(Crawled caption data)
* * * * * * * * *

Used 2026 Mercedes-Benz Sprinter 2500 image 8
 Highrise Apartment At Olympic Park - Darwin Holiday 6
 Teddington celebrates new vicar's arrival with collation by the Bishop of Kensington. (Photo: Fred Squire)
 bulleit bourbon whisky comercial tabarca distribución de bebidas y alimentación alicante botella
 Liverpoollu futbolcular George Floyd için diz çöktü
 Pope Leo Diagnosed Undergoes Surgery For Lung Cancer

* * * * * * * * *

## WHAT THE TASK REQUIRES
Every record above is to be written out exactly.

## REPLY
Used 2026 Mercedes-Benz Sprinter 2500 image 8
 Highrise Apartment At Olympic Park - Darwin Holiday 6
 Teddington celebrates new vicar's arrival with collation by the Bishop of Kensington. (Photo: Fred Squire)
 bulleit bourbon whisky comercial tabarca distribución de bebidas y alimentación alicante botella
 Liverpoollu futbolcular George Floyd için diz çöktü
 Pope Leo Diagnosed Undergoes Surgery For Lung Cancer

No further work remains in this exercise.